The parameters stored in the "parameters": key of the run’s metadata (in the database) will reflect the content of the config file, i.e. params.update(parameters).

Sweeps#

The creation of sweeps is covered in more detail by the sweep-logger documentation.

To enroll a run in a sweep, supply a sweep_id parameter to the run_logger.main.initialize() function:

parameters, logger = initialize(
    sweep_id=1234,  # <-
    graphql_endpoint="https://server.university.edu:1200/v1/graphql",
    use_logger=True,
    **params
)

parameters will contain a dictionary corresponding to parameters assigned to this run by the sweep. The parameters stored in the "parameters": key of the run’s metadata will be params.update(parameters) (i.e. parameters will take precedence over params).

Note

If both config and sweep_id are supplied, sweep parameters will override config parameters. To customize the precedence of new parameters, users may wish to use the run_logger.main.create_run(), function.

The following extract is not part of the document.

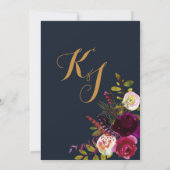 ボホ秋フローラアローブーケブライダルシャワー 招待状 (裏面)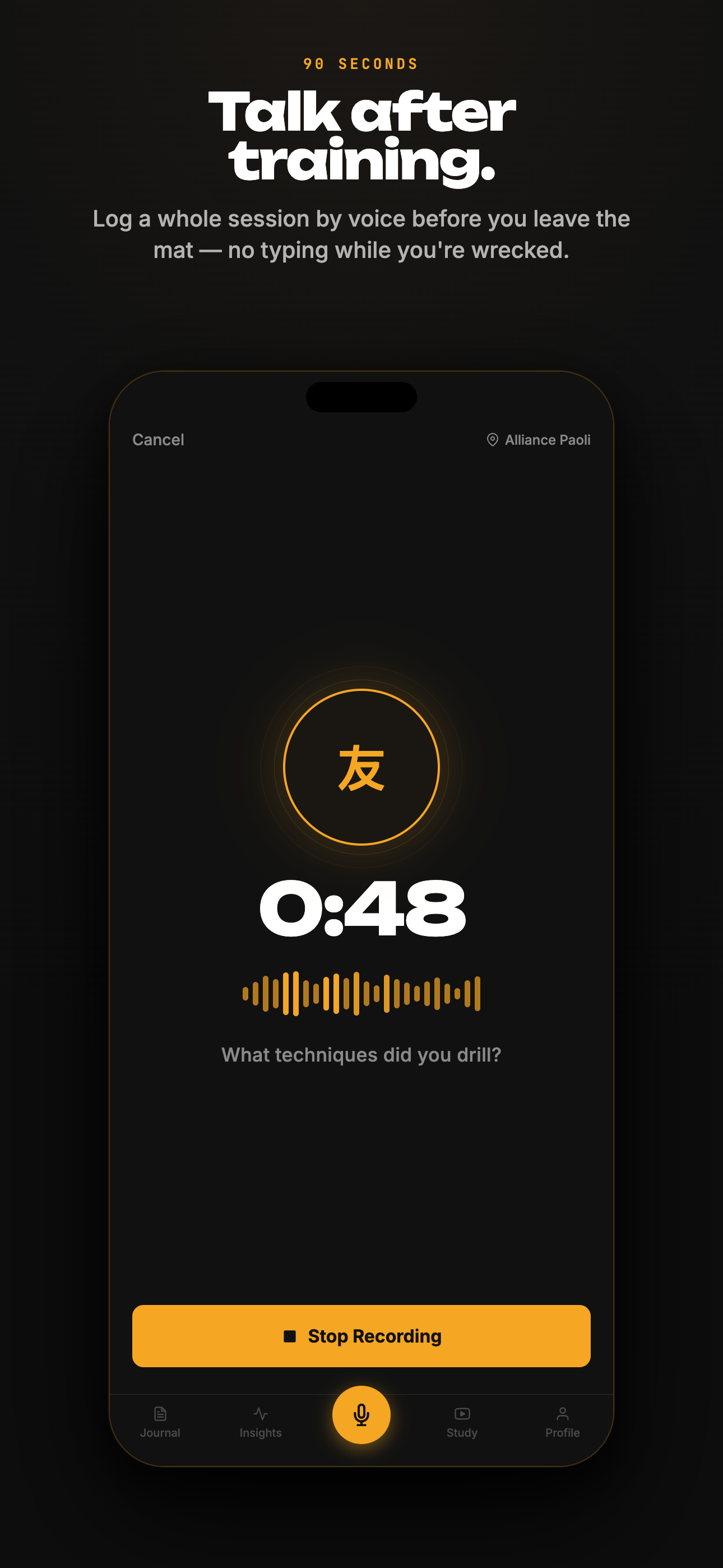 TOMO recording screen showing an active voice session with a live waveform, session timer, and the prompt 'How did your rolls go?'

Loading parameters from existing runs#

Suppose you want to re-launch a run with the same parameters as a run that is already in the database. To access these parameters, provide a run_id parameter to the run_logger.main.initialize() function:

parameters, logger = initialize(
    load_id=1234,  # <-
    graphql_endpoint="https://server.university.edu:1200/v1/graphql",
    use_logger=True,
    **params,
)

parameters will be the parameters stored for run 1234 (the parameters stored in the "parameters": key of run 1234’s metadata). These loaded parameters will take precedence over any parameters in params.

Note

Load parameters will override both config and sweep parameters. To customize the precedence of new parameters, users may wish to use the run_logger.main.create_run(), function.